There is significant interest in modeling teamwork in agents. In recent years, it has become widely accepted that it is possible to separate teamwork from taskwork, providing support for domain-independent teamwork at an architectural level, using teamwork models. However, existing teamwork models (both in theory and practice) focus almost exclusively on achievement goals, and ignore maintenance goals, where the value of a proposition is to be maintained over time. Such maintenance goals exist both in taskwork (i.e., agents take actions to maintain a condition while a task is executing), as well as in teamwork (i.e., agents take actions to maintain the team). This paper presents mechanisms for collaborative maintenance in both taskwork and teamwork, allowing for flexible selection of the maintenance protocol.

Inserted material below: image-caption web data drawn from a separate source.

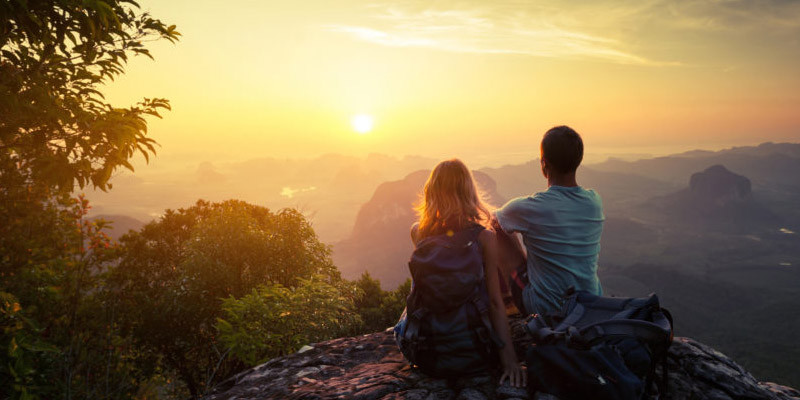 Escalade en couple (iStock)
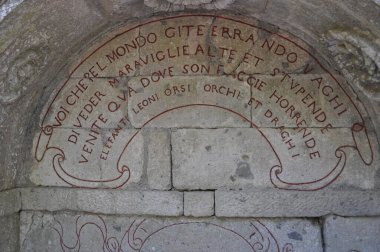 Holy Grove namı diğer Canavarlar Parkı 16. yüzyılda Bomarzo, İtalya 'da inşa edildi.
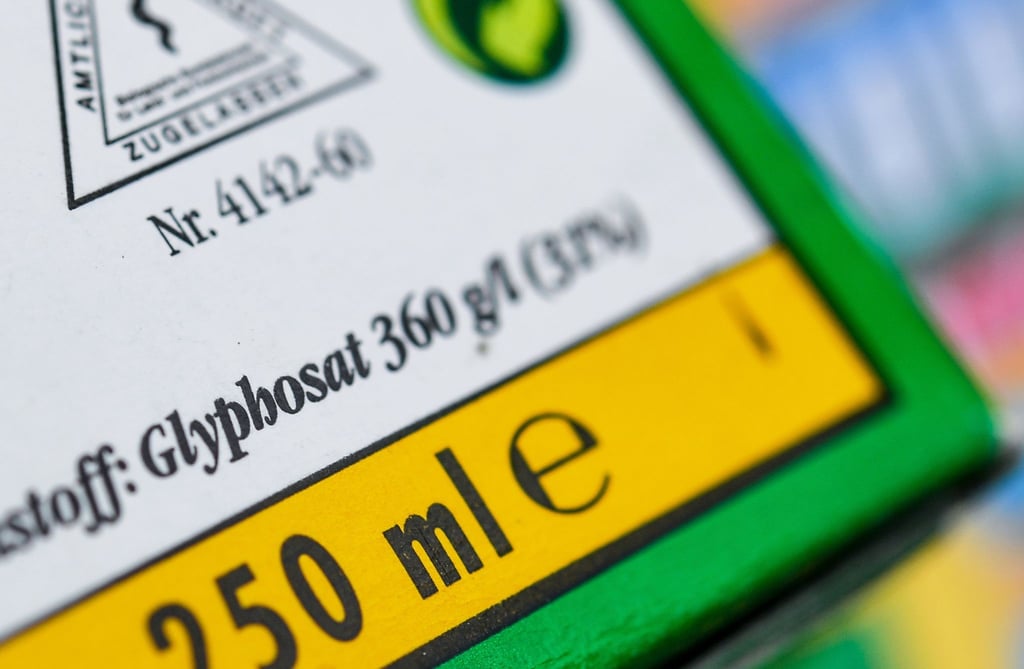 Die Verpackung eines Unkrautvernichtungsmittels, das den Wirkstoff Glyphosat enthält.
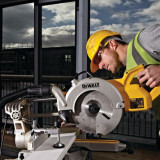 Scie a onglet radiale 1850W O250MM Dewalt DWS778 qs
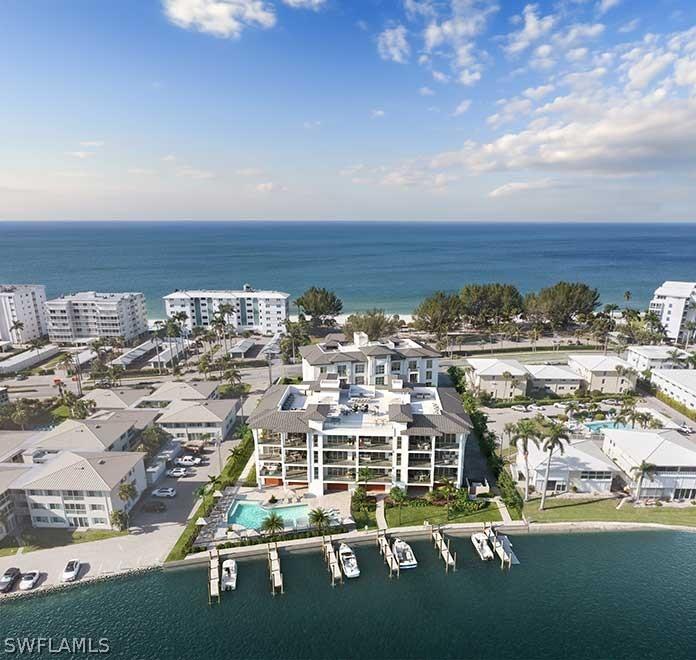 2020 Gulf Shore Blvd. #PH-201W, Naples, FL 34102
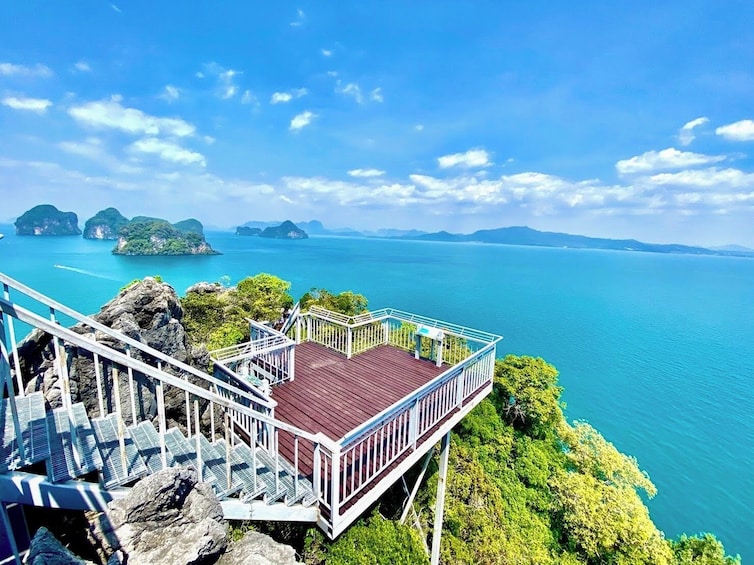 Hong & Paradise Island Maritime Odyssey by Speedboat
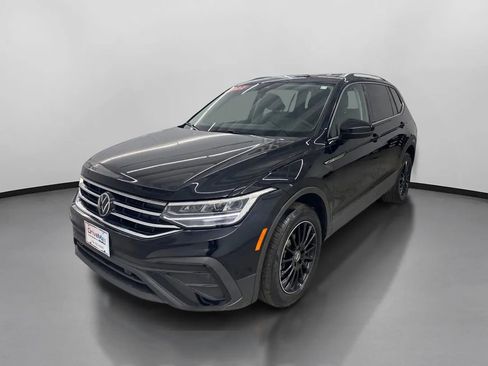 Used 2022 Volkswagen Tiguan SE image 4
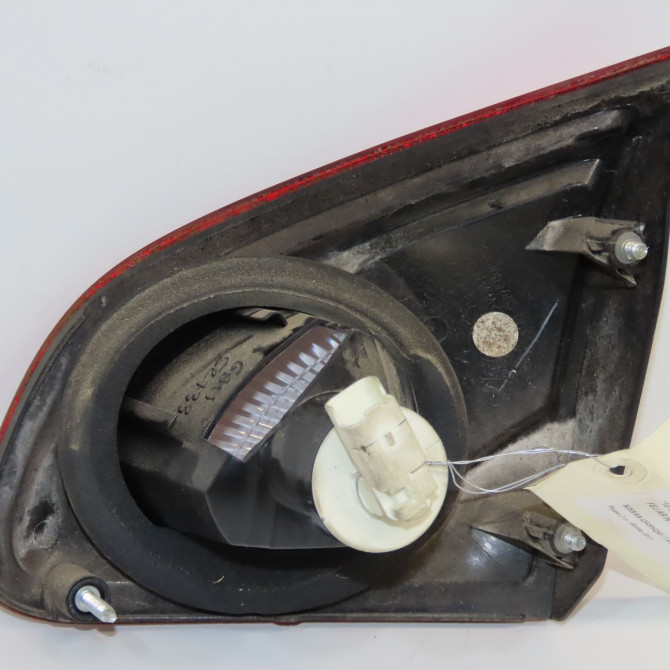 Feu arrière interieur gauche occasion NISSAN QASHQAI I Phase 2 03-2010->04-2014 1.6 DCI 130ch 26559BR01A 2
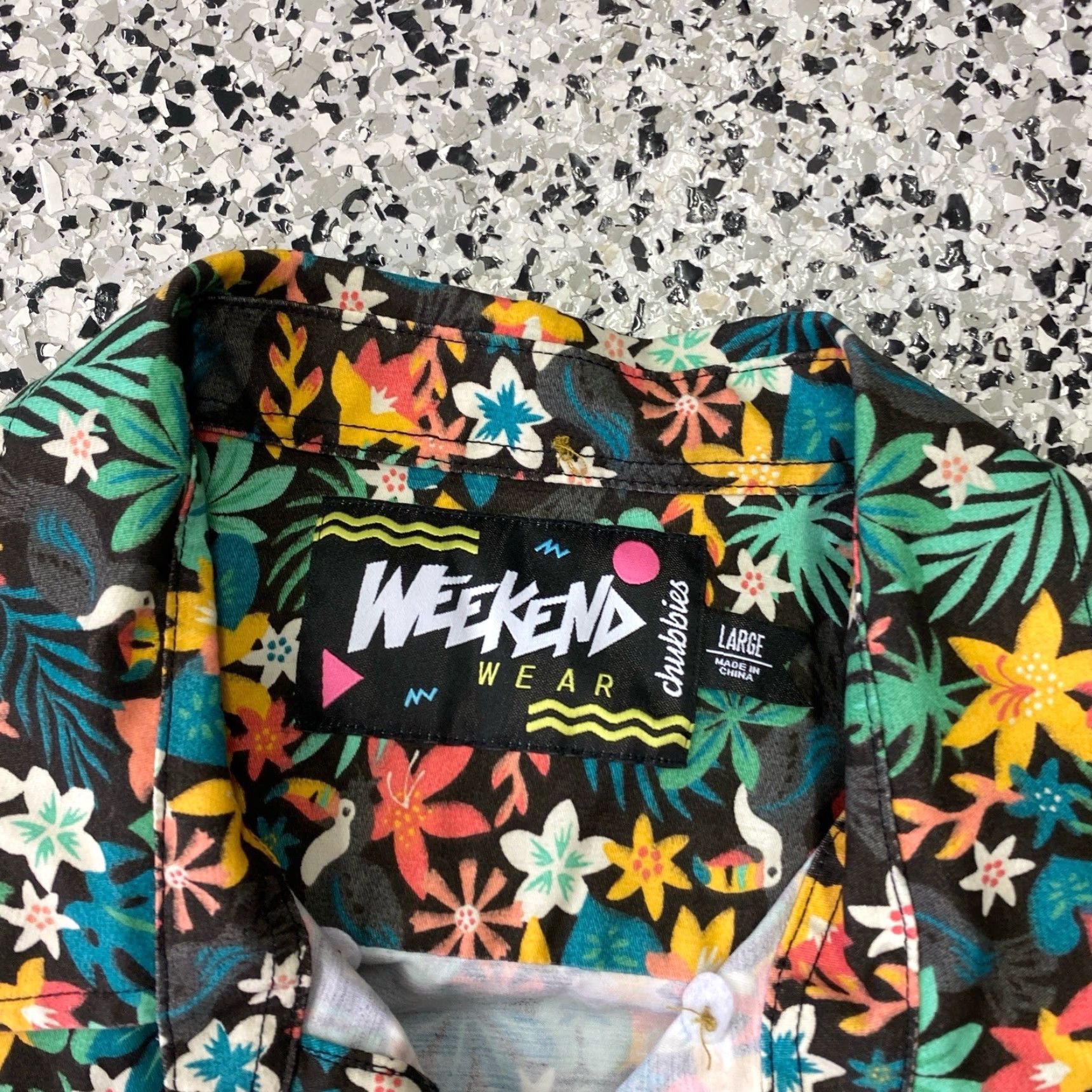 Chubbies Chubbies Weekend Wear Short Sleeve Popover Shirt floral Print Men’s Large Shirt Short Sleeve Casual Button-Up Size US L / EU 52-54 / 3 - 2 Thumbnail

The mechanism is integrated and evaluated in two teamwork architectures for situated agent teams: DIESEL, an implemented teamwork and taskwork architecture, built on top of Soar, and BITE, an architecture for physical behavior-based robots. We provide details of these implementations, and the results from experiments demonstrating the benefits of support for collaborative maintenance processes, in several dynamic rich domains. We show that the use of collaborative maintenance leads to significant improvement in task performance in all domains.


REFERENCES

Note: OCR errors may be found in this Reference List extracted from the full text article. ACM has opted to expose the complete List rather than only correct and linked references.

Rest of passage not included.